The term “domesticity” often invokes something created by middle-class women—a white picket fence archetype associated with “family values” and steeped in imagery of 1950s suburbia. Susan Fraiman, a professor of English at the University of Virginia, troubles this normative idea in her recent book, Extreme Domesticity: A View from the Margins. In it, Fraiman uses novels, women’s magazines and advice manuals, ethnographies, and first-person accounts to explore versions of home created by “outsiders” to the norm, including those who are working class, queer, trans, immigrant, and homeless.
CityLab caught up with Fraiman to learn about these versions of home and the assumptions they call into question.
Your work challenges the notion of domesticity as only applicable to stable, bourgeois situations. Can you say more about this notion and why we might wish to challenge it?

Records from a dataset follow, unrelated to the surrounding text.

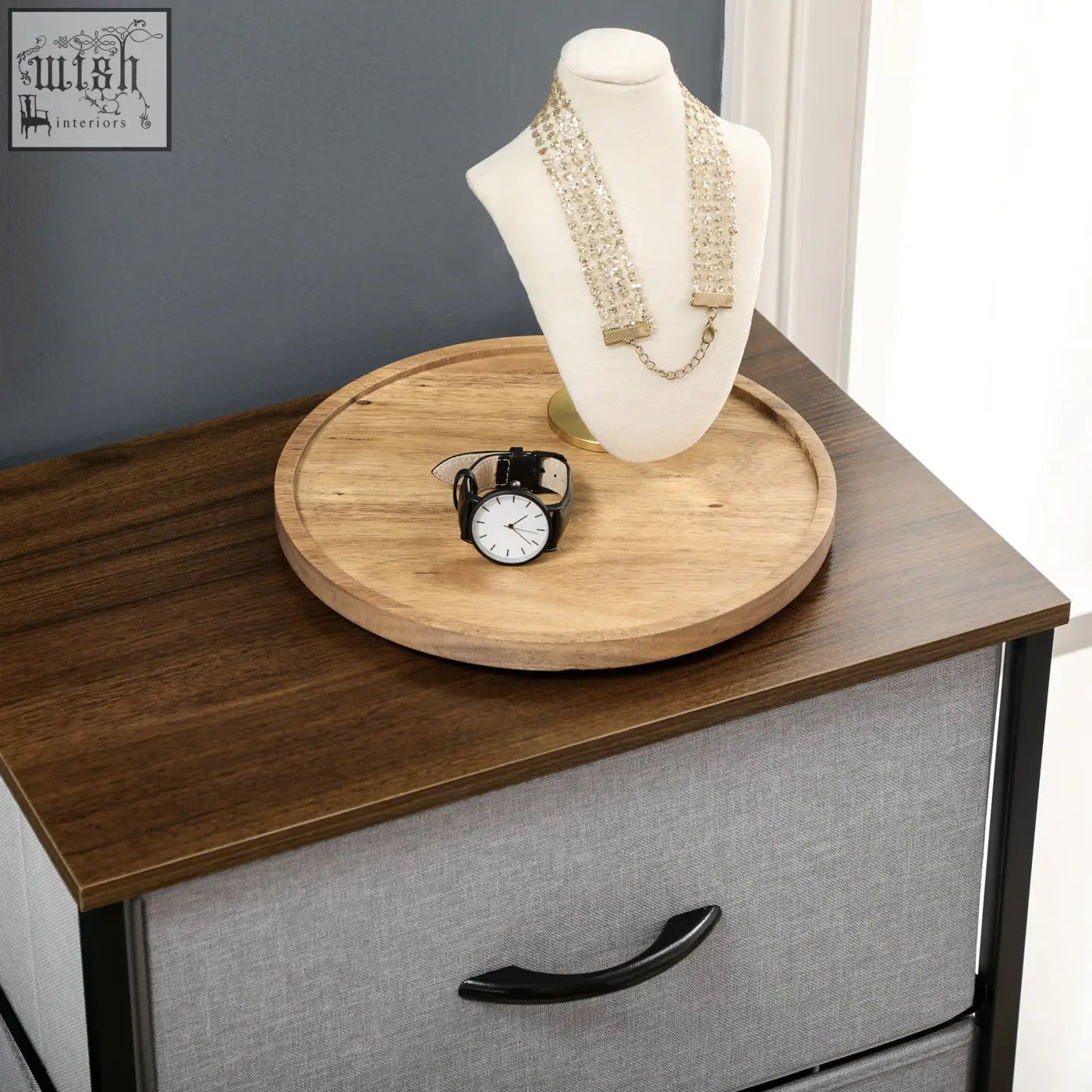 Delicate gold-toned necklace with rhinestones displayed on white bust alongside homcom fabric chest with steel frame and fabric drawers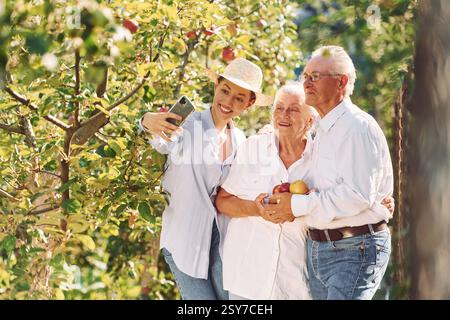 Die Frau macht Selfie. Die Tochter ist bei ihrer älteren Mutter und der Vater ist im Garten. Stockfoto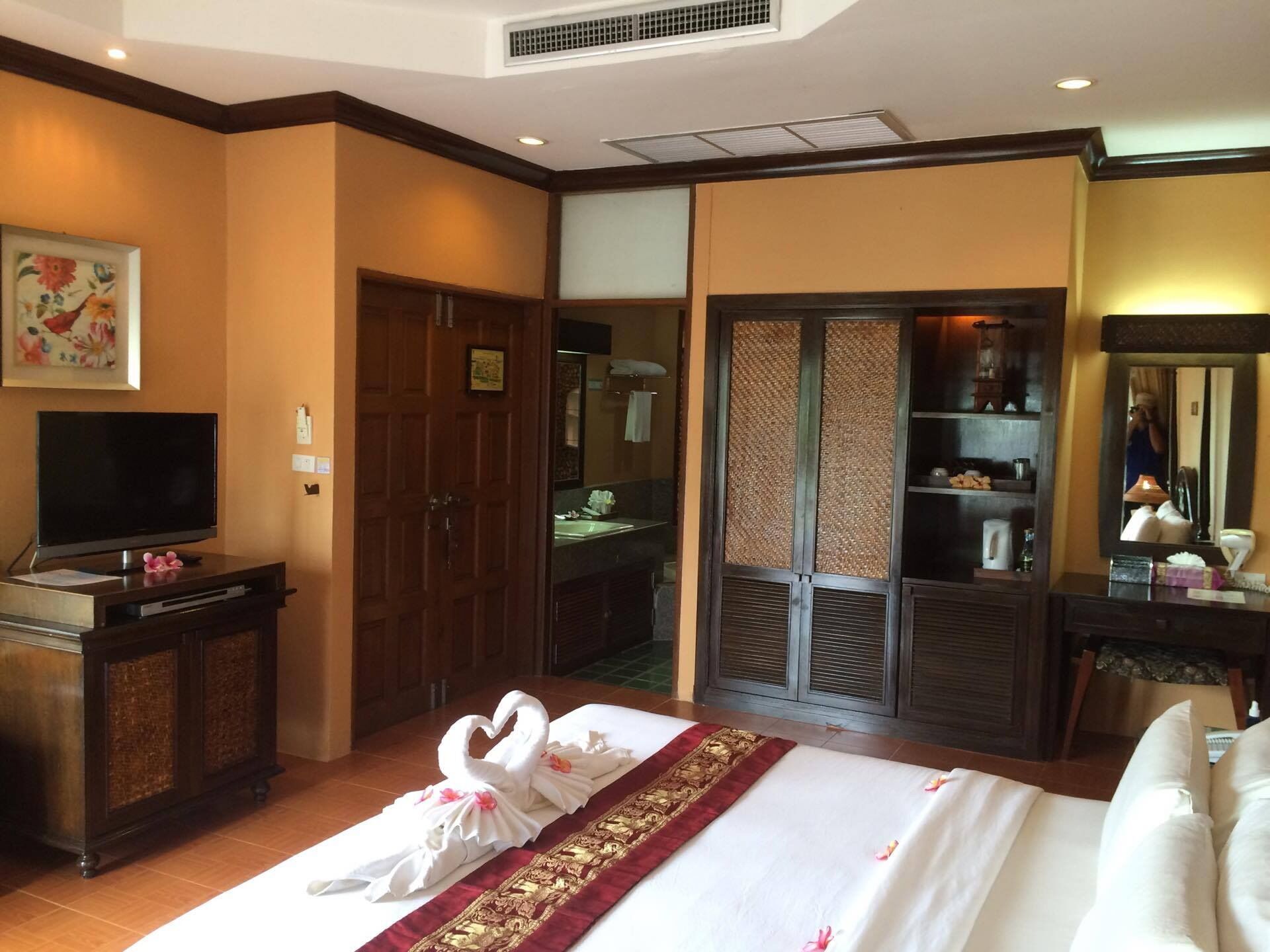 Una habitación de hotel con cama, televisión, armario, baño y espejo.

Normative ideas about domesticity lead us to overlook the dynamism, complexity, and diversity of domestic life. Conservatives celebrate the conventional, postcard version of home, while progressives generally criticize it. Yet both groups tend to assume that household concerns and routines are trivial, repetitious, unskilled, and not particularly interesting. The work of maintaining a household is scarcely recognized as work—which is why it’s either poorly paid or not paid at all. Likewise, the people who do this work (almost always female) are viewed condescendingly not only as unskilled, but also as passive and unthinking.
A major goal of my book is to push back against this negative stereotype. However, my point is not to glamorize housework or deny its oppressive aspects, much less to discourage women from involvement in the public sphere. My work supports and supplements feminist critiques of women’s confinement within the home.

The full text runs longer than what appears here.